Tim Daly guest starred as himself; he and Tony Shalhoub were in the NBC TV show Wings. To further explore the in-joke of his casting, Monk's comment about Wings—"Never saw it. Was it good?"—was added. Another guest star, Garry Marshall himself created Warren Beach's trademark line—"If it doesn't reach, call Warren Beach"—as he was allowed to improvise; Breckman further stated, "He was improvising all the way". Marshall appeared in the episode after telling Monks producer David Hoberman that it was his wife's favorite show. Brooke Adams, the real-life wife of Shalhoub, also starred in this episode as the flight attendant Leigh. Breckman appeared as the passenger who enters the plane just ahead of Monk and Sharona, just as his credit as executive producer appears on screen.

==Reception==
"Mr. Monk and the Airplane" was first broadcast in the United States on the USA Network at 10 pm EST on October 18, 2002. According to Nielsen Media Research, the episode was viewed by an estimated number of 4.25 million viewers with a 2.5 household rating.

Jason Gray-Stanford listed "Mr. Monk and the Airplane" among his three favorite episodes of the series. Moreover, it was positively received by critics. In The Futon Critic's ranking of the fifty best episodes of 2002, it was placed 32nd, with Brian Ford Sullivan stating, "The title of the episode says it all for us." New York Daily Newss David Bianculli declared "It seems that lots of people are getting on board with Monk, which is as it should be", referring to the guest stars of the episode.
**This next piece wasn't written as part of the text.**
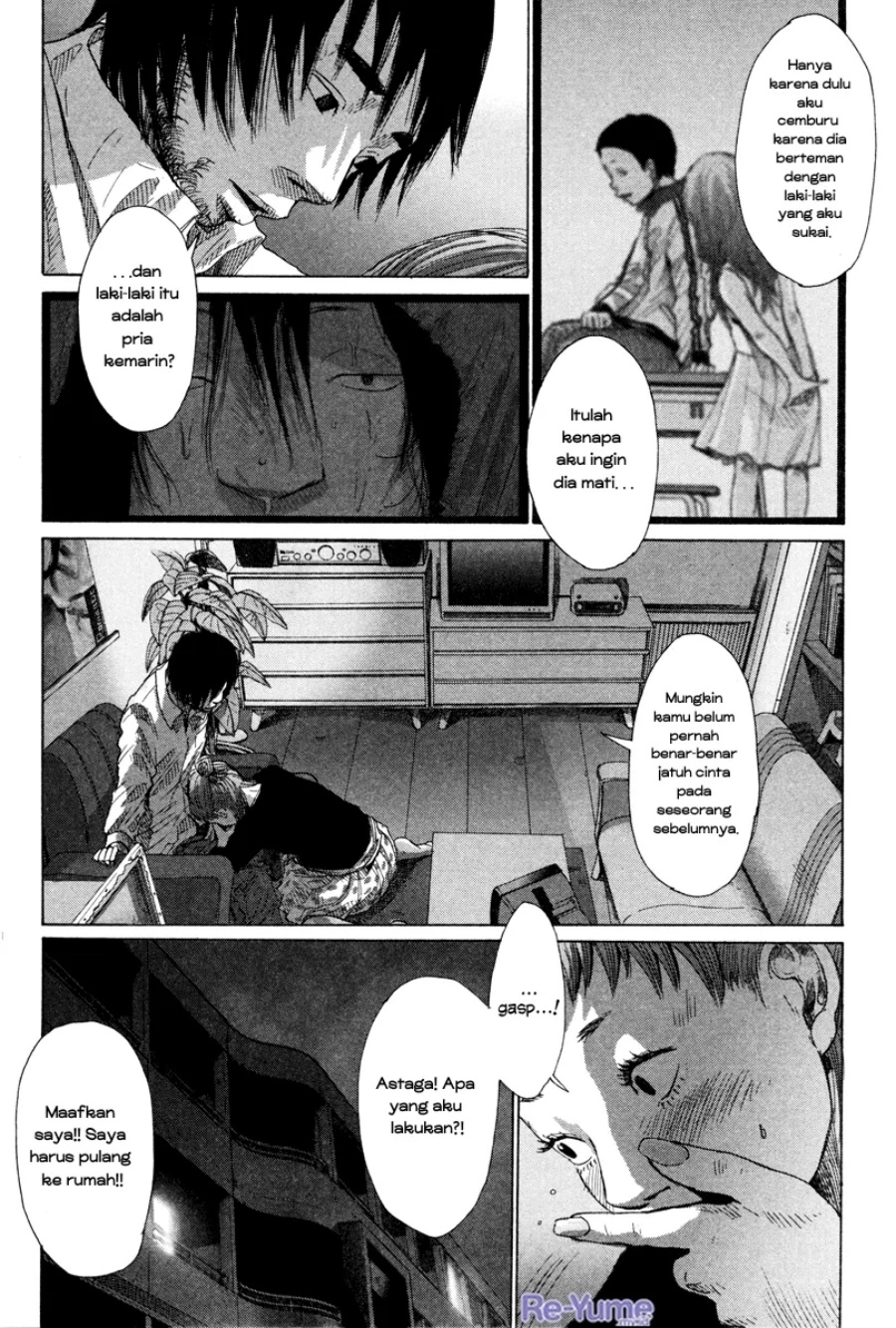 Nijigahara Holograph Chapter 04 Gambar 12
The guests were said to be one of the "many subtle and silly pleasures" of the episode by Kevin McDonough, a critic for the United Feature Syndicate, while a TelevisionWeek reviewer praised Marshall's performance as a "tour de force guest shot". Austin Smith of the New York Post deemed it "a true classic" and said it put "Mr. Monk Takes Manhattan" "to shame". Chris Hicks from Deseret News qualified it as "perfection," and Bianculli stressed "the writing team for Monk made the most" of it. On the other hand, Joy Press of The Village Voice called it "a Seinfeld-like device" in which Monk's fear of flying was explored "to the point of exhaustion."

At the 55th Primetime Emmy Awards, Shalhoub won a Primetime Emmy Award for Outstanding Lead Actor in a Comedy Series for this episode.